#### [Short text fragments from websites]
::::
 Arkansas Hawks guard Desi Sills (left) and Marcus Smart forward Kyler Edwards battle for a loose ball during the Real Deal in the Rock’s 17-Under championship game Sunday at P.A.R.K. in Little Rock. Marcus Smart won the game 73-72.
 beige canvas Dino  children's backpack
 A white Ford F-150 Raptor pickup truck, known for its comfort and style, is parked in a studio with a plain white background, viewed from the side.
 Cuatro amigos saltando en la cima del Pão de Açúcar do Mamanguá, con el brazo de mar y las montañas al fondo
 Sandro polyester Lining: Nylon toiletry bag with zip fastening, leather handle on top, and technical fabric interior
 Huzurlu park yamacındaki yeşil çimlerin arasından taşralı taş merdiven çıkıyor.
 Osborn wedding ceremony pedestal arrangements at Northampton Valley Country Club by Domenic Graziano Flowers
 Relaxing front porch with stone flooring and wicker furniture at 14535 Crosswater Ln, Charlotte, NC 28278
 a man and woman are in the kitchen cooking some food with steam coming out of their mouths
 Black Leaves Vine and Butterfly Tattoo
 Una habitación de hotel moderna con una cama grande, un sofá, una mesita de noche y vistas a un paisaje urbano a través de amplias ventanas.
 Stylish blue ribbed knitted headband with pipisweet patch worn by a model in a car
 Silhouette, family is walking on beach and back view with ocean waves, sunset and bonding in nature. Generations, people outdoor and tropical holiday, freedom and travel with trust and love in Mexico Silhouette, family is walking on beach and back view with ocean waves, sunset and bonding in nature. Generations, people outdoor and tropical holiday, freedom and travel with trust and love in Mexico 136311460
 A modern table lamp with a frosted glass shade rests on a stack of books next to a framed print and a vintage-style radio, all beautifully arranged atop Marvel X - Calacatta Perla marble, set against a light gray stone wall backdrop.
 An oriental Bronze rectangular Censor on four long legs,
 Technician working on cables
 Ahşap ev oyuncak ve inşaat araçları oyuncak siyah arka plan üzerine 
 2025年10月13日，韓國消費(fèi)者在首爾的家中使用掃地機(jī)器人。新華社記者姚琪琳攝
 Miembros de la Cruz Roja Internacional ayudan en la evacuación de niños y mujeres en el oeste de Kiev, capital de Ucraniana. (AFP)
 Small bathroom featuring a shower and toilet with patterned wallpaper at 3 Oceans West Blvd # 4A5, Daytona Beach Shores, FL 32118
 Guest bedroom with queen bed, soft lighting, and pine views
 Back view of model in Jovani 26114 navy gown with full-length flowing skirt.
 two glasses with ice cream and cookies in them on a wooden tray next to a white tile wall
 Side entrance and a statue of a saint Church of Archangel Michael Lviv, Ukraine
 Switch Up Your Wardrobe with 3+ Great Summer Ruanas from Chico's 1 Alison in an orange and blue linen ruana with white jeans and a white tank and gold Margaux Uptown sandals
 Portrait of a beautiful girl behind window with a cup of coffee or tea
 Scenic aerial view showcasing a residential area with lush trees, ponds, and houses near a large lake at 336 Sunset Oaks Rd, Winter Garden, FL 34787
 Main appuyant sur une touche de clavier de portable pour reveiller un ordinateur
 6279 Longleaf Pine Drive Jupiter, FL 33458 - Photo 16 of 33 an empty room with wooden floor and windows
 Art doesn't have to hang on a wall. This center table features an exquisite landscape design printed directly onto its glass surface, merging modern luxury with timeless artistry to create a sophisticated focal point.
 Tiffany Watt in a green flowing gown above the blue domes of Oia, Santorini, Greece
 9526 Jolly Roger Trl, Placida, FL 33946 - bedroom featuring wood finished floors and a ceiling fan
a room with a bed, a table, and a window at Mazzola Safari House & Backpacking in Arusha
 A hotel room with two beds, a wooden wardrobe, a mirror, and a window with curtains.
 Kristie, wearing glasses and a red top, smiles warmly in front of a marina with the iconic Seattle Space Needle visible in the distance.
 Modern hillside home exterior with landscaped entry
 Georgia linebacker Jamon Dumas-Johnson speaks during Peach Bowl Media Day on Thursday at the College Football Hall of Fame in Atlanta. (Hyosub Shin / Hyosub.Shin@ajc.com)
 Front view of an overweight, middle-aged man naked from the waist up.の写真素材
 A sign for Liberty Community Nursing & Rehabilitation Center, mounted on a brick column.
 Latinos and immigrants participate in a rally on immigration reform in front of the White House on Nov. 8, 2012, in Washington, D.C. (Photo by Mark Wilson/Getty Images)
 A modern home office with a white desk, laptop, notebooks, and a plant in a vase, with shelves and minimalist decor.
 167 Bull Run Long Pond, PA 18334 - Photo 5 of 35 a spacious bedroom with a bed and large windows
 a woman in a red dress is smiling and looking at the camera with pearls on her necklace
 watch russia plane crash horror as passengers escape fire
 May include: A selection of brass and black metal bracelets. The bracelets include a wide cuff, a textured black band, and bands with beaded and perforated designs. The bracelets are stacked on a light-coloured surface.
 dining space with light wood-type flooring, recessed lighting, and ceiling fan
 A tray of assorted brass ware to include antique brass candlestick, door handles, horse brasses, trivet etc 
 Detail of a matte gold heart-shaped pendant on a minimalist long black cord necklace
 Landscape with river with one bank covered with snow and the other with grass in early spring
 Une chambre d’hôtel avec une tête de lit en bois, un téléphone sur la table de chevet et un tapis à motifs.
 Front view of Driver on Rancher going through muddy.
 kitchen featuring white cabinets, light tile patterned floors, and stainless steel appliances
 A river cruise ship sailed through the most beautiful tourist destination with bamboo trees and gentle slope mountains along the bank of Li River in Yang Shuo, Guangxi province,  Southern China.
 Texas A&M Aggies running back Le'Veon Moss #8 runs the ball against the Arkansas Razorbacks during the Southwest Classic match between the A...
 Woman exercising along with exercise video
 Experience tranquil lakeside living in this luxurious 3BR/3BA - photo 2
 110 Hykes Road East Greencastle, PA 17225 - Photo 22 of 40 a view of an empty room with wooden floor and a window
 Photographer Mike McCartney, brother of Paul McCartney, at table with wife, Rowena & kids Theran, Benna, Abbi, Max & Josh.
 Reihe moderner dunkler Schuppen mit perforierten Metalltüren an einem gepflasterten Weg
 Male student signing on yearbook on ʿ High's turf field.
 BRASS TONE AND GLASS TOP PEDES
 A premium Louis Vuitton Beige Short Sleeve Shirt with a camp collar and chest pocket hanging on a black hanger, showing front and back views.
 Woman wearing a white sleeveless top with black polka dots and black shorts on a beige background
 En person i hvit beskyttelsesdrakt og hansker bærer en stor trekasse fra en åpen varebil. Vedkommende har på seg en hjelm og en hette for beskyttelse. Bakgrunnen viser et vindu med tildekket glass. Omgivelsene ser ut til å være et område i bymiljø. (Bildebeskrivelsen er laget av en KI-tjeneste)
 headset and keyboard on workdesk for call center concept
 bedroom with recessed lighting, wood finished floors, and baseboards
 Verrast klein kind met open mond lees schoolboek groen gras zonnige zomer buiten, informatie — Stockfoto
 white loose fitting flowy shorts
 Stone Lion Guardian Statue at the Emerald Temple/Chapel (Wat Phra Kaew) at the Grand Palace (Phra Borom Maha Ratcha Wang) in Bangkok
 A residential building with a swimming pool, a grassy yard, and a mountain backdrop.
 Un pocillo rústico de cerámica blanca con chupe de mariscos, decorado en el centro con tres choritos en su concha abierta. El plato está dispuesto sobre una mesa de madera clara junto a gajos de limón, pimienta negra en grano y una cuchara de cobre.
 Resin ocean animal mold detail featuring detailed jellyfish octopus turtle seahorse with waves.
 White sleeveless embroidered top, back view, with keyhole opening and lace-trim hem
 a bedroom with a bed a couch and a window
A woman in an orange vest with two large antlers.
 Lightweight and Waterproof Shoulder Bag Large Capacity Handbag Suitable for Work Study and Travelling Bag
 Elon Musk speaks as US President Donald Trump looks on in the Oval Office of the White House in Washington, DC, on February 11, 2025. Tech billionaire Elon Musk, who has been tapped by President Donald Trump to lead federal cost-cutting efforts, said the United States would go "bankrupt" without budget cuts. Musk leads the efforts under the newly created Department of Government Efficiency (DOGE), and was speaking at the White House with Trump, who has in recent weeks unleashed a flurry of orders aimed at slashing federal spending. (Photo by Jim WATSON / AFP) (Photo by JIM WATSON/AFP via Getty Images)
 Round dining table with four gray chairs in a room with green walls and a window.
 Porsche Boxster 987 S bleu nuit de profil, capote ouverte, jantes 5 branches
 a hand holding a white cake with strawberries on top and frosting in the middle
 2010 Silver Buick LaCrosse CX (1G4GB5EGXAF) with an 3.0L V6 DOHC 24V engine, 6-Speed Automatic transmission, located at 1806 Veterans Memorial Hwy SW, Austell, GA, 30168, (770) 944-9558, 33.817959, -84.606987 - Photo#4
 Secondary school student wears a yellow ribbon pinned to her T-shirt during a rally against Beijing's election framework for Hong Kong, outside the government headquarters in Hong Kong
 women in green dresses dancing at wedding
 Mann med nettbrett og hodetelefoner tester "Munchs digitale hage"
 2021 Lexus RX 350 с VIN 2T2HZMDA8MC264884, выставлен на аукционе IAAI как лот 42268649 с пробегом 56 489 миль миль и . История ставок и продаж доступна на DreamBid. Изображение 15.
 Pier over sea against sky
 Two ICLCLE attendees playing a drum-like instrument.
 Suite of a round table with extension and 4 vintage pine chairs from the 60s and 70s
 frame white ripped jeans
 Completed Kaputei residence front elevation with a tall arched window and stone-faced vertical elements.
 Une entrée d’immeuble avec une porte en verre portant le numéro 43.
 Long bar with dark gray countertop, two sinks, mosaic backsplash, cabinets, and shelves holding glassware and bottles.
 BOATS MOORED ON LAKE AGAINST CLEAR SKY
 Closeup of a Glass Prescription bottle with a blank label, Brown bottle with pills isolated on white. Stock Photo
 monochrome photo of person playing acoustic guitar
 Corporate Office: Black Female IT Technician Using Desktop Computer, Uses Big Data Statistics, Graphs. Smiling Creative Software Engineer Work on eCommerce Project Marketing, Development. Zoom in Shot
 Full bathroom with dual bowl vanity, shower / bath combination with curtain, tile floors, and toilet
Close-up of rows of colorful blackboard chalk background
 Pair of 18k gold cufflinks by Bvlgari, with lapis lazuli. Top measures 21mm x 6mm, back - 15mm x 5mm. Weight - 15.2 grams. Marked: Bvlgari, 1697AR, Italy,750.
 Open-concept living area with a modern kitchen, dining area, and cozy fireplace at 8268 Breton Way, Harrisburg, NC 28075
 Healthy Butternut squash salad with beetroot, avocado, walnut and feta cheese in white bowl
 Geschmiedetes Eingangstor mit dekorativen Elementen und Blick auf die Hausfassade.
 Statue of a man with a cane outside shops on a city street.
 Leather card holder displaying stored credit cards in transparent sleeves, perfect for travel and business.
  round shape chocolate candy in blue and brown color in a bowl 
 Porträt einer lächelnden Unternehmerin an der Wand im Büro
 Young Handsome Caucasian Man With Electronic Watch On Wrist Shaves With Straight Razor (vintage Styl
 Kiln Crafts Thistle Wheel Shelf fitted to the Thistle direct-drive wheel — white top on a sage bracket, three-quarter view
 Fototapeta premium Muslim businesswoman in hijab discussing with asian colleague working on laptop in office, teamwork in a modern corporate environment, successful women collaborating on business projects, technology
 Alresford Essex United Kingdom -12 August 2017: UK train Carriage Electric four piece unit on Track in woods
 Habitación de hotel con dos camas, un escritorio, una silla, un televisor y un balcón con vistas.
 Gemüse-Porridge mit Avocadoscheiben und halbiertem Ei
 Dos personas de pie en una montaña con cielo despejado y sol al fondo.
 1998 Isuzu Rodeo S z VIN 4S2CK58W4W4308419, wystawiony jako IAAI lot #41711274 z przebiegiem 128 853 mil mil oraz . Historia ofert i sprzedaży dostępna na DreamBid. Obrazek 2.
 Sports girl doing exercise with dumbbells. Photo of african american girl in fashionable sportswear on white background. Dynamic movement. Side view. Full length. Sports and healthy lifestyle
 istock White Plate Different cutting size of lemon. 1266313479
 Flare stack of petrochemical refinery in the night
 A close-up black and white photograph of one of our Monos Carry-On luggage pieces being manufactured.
::::
#### [PROBLEM DESCRIPTION]
Copy out the range of lines above starting at the line with "Porsche Boxster 987" and ending at the line with "Healthy Butternut squash", exactly and including both.

#### [EXERCISE ANSWER]
 Porsche Boxster 987 S bleu nuit de profil, capote ouverte, jantes 5 branches
 a hand holding a white cake with strawberries on top and frosting in the middle
 2010 Silver Buick LaCrosse CX (1G4GB5EGXAF) with an 3.0L V6 DOHC 24V engine, 6-Speed Automatic transmission, located at 1806 Veterans Memorial Hwy SW, Austell, GA, 30168, (770) 944-9558, 33.817959, -84.606987 - Photo#4
 Secondary school student wears a yellow ribbon pinned to her T-shirt during a rally against Beijing's election framework for Hong Kong, outside the government headquarters in Hong Kong
 women in green dresses dancing at wedding
 Mann med nettbrett og hodetelefoner tester "Munchs digitale hage"
 2021 Lexus RX 350 с VIN 2T2HZMDA8MC264884, выставлен на аукционе IAAI как лот 42268649 с пробегом 56 489 миль миль и . История ставок и продаж доступна на DreamBid. Изображение 15.
 Pier over sea against sky
 Two ICLCLE attendees playing a drum-like instrument.
 Suite of a round table with extension and 4 vintage pine chairs from the 60s and 70s
 frame white ripped jeans
 Completed Kaputei residence front elevation with a tall arched window and stone-faced vertical elements.
 Une entrée d’immeuble avec une porte en verre portant le numéro 43.
 Long bar with dark gray countertop, two sinks, mosaic backsplash, cabinets, and shelves holding glassware and bottles.
 BOATS MOORED ON LAKE AGAINST CLEAR SKY
 Closeup of a Glass Prescription bottle with a blank label, Brown bottle with pills isolated on white. Stock Photo
 monochrome photo of person playing acoustic guitar
 Corporate Office: Black Female IT Technician Using Desktop Computer, Uses Big Data Statistics, Graphs. Smiling Creative Software Engineer Work on eCommerce Project Marketing, Development. Zoom in Shot
 Full bathroom with dual bowl vanity, shower / bath combination with curtain, tile floors, and toilet
Close-up of rows of colorful blackboard chalk background
 Pair of 18k gold cufflinks by Bvlgari, with lapis lazuli. Top measures 21mm x 6mm, back - 15mm x 5mm. Weight - 15.2 grams. Marked: Bvlgari, 1697AR, Italy,750.
 Open-concept living area with a modern kitchen, dining area, and cozy fireplace at 8268 Breton Way, Harrisburg, NC 28075
 Healthy Butternut squash salad with beetroot, avocado, walnut and feta cheese in white bowl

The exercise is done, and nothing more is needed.